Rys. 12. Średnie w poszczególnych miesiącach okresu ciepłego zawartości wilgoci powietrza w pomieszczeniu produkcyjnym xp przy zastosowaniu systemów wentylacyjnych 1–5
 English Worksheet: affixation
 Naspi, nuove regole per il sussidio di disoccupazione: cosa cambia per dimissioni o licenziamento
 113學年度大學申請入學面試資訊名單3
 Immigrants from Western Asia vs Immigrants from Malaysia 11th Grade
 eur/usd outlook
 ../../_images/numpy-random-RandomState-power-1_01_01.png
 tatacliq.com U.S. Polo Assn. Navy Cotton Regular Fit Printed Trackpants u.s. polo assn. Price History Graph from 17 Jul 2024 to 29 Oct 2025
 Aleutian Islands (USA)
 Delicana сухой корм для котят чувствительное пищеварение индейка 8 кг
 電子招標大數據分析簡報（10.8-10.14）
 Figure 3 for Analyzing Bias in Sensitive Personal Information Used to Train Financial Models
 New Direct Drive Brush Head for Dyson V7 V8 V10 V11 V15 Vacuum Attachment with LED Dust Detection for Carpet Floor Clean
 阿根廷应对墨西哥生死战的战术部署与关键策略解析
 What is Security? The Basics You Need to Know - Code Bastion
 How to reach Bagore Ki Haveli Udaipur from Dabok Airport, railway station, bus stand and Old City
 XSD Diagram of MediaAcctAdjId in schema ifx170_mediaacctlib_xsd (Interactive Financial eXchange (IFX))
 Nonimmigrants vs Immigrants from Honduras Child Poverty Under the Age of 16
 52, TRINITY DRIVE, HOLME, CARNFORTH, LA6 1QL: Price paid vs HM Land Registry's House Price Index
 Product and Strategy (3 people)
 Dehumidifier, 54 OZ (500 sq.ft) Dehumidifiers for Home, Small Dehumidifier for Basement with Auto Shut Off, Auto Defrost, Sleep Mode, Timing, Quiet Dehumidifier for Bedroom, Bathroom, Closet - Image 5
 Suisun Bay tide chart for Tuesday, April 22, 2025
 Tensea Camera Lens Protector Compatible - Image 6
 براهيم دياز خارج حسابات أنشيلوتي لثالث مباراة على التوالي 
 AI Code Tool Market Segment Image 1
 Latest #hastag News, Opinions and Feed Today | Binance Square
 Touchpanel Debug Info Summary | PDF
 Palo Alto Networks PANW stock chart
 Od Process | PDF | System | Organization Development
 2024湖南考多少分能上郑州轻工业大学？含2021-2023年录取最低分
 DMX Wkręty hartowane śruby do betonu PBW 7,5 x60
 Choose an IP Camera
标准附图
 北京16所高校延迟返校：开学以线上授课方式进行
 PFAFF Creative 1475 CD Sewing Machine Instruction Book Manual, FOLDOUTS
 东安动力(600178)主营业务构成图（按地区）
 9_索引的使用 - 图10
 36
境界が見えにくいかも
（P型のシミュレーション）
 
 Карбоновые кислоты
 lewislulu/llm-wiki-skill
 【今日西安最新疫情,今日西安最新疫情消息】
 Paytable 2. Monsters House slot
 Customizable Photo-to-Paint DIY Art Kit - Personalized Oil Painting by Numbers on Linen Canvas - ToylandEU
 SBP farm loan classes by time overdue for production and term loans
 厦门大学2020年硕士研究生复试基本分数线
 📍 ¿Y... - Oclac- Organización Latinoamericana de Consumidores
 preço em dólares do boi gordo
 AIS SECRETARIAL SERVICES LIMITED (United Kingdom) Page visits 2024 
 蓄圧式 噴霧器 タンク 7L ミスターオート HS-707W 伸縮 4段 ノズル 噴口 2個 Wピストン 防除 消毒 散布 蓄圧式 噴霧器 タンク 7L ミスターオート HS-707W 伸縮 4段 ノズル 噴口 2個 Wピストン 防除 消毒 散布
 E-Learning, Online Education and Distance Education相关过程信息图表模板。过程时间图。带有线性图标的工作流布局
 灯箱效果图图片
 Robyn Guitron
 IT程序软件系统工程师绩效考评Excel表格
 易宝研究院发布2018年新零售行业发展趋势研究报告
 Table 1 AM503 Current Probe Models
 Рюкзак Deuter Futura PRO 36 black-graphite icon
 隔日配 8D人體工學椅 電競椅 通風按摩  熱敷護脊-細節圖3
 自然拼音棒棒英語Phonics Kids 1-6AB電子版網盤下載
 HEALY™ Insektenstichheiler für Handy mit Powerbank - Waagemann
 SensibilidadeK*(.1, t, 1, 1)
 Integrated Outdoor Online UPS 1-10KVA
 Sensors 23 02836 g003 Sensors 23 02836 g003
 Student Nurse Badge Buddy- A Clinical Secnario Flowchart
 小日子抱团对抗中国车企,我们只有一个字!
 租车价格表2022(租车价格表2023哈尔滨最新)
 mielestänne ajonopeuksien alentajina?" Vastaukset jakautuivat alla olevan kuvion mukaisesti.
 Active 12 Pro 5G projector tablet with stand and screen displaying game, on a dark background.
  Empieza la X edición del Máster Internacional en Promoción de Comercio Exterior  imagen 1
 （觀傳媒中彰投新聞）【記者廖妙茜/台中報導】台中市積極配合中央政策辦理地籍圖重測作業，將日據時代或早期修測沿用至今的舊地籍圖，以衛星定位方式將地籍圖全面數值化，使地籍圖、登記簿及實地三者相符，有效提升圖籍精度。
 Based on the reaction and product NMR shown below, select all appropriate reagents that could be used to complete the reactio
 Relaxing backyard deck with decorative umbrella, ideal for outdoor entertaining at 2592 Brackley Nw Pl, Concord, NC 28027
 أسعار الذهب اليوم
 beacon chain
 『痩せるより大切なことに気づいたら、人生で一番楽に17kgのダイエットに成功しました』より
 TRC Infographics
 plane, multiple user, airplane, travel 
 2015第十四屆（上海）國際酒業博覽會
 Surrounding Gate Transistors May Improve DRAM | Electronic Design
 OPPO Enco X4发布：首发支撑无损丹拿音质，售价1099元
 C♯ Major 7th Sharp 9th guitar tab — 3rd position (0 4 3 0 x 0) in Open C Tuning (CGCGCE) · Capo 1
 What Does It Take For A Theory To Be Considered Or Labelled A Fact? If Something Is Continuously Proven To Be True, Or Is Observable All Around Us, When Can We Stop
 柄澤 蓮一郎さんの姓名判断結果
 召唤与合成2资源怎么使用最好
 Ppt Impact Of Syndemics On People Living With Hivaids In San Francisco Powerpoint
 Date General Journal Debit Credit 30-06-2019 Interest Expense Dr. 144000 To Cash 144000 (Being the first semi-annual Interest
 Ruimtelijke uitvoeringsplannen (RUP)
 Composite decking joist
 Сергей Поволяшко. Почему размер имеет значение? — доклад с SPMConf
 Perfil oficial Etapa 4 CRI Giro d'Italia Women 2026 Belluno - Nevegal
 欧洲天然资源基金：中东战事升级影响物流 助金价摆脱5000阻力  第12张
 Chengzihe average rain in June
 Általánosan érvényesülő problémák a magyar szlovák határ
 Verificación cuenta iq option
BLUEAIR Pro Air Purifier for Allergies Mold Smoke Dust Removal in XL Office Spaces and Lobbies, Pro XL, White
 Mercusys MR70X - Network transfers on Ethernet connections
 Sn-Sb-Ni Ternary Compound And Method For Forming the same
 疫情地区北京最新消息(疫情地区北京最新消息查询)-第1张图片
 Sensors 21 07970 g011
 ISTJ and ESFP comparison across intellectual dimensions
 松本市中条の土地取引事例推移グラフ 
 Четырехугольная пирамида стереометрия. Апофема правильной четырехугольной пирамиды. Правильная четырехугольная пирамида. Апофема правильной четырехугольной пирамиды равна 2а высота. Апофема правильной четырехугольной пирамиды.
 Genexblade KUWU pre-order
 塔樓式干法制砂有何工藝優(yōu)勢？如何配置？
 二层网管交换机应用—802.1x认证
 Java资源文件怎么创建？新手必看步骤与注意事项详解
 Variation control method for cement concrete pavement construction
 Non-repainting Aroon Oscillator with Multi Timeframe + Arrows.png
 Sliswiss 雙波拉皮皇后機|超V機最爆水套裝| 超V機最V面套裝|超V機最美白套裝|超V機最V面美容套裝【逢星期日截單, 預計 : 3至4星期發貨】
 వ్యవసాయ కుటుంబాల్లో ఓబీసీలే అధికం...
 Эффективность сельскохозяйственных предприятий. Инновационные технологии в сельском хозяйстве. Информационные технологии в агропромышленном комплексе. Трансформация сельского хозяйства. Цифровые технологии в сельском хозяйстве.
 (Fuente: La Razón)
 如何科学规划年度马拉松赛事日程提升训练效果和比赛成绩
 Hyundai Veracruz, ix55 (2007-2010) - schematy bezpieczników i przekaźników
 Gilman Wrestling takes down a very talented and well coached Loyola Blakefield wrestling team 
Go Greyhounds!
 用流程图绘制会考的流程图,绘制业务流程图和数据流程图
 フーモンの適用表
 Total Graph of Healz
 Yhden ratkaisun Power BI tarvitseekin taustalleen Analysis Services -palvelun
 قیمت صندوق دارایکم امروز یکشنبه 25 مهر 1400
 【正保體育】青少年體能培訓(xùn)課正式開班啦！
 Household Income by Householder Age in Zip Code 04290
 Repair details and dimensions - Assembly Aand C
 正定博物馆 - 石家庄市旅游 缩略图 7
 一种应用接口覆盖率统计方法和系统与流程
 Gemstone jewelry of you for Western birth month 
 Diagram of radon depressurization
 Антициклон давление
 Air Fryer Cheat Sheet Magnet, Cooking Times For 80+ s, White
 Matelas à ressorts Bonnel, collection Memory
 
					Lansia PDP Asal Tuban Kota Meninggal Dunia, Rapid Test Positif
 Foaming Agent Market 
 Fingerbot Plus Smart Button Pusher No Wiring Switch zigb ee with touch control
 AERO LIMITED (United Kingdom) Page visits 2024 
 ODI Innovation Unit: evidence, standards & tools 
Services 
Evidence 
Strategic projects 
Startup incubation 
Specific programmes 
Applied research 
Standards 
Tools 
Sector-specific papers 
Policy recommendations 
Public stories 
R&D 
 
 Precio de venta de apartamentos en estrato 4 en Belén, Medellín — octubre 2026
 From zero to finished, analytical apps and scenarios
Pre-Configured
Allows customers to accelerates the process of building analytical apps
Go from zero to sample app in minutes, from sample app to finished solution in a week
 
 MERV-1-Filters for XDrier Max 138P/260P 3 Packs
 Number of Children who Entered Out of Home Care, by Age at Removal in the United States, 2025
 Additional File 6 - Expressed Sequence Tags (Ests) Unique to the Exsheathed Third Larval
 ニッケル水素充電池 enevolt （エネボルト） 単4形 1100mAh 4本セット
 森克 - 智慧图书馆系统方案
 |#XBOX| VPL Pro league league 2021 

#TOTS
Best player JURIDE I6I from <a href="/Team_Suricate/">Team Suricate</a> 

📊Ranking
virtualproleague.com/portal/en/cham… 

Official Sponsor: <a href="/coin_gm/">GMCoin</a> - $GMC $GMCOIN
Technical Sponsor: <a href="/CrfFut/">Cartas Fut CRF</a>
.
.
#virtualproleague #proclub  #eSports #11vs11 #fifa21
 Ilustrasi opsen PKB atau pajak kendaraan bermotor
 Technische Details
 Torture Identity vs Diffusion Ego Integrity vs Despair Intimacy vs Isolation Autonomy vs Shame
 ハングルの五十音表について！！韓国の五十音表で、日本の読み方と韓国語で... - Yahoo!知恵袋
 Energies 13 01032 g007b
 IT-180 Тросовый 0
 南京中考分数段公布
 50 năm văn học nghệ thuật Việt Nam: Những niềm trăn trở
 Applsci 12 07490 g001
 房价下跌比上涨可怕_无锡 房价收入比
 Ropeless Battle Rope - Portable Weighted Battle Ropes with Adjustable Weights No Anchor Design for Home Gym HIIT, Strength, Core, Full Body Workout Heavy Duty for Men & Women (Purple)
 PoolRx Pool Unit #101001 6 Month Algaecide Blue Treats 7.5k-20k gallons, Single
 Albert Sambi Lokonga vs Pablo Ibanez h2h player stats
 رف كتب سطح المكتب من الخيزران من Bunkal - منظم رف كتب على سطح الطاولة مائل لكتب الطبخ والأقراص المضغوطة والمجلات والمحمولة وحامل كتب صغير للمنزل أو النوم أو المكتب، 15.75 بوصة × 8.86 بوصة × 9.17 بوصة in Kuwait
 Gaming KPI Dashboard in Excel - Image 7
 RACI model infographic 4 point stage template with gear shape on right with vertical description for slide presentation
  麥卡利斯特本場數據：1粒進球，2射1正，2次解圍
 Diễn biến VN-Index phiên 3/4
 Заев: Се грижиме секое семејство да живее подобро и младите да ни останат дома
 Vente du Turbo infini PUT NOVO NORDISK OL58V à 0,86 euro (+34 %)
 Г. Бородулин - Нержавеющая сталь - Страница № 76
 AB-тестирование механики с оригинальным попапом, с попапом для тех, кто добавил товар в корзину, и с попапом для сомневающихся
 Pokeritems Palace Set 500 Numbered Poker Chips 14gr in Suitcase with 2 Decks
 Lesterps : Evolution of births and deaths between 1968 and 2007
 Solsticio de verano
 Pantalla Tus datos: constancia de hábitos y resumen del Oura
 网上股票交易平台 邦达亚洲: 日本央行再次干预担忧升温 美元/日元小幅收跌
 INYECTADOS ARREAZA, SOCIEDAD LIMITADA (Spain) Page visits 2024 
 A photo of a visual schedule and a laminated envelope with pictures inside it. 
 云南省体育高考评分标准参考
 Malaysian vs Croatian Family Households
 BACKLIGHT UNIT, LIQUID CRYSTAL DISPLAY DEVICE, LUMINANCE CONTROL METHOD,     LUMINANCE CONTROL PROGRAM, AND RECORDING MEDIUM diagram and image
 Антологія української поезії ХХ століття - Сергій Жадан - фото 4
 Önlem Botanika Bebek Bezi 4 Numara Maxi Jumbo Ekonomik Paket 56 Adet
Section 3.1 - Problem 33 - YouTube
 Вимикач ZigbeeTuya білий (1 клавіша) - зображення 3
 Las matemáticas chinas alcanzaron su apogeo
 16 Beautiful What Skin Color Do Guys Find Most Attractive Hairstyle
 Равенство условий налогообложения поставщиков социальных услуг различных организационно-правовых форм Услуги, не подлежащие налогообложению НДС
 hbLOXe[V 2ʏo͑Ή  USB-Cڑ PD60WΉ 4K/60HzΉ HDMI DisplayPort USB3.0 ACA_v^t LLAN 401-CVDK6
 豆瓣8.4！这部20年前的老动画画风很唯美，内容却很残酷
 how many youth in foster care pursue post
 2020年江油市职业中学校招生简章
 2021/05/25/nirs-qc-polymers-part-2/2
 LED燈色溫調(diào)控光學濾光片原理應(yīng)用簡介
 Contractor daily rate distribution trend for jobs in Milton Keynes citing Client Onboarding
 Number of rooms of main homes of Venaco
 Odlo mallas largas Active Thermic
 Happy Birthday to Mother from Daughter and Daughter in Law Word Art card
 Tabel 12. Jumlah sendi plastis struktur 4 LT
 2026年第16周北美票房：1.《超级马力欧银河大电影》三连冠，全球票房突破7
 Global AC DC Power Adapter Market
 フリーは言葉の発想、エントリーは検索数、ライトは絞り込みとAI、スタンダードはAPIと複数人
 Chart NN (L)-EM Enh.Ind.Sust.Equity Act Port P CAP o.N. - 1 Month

————

→ What to work on:
Pull every line holding "Price" out of the records.

→ Solved exercise:
 tatacliq.com U.S. Polo Assn. Navy Cotton Regular Fit Printed Trackpants u.s. polo assn. Price History Graph from 17 Jul 2024 to 29 Oct 2025
 52, TRINITY DRIVE, HOLME, CARNFORTH, LA6 1QL: Price paid vs HM Land Registry's House Price Index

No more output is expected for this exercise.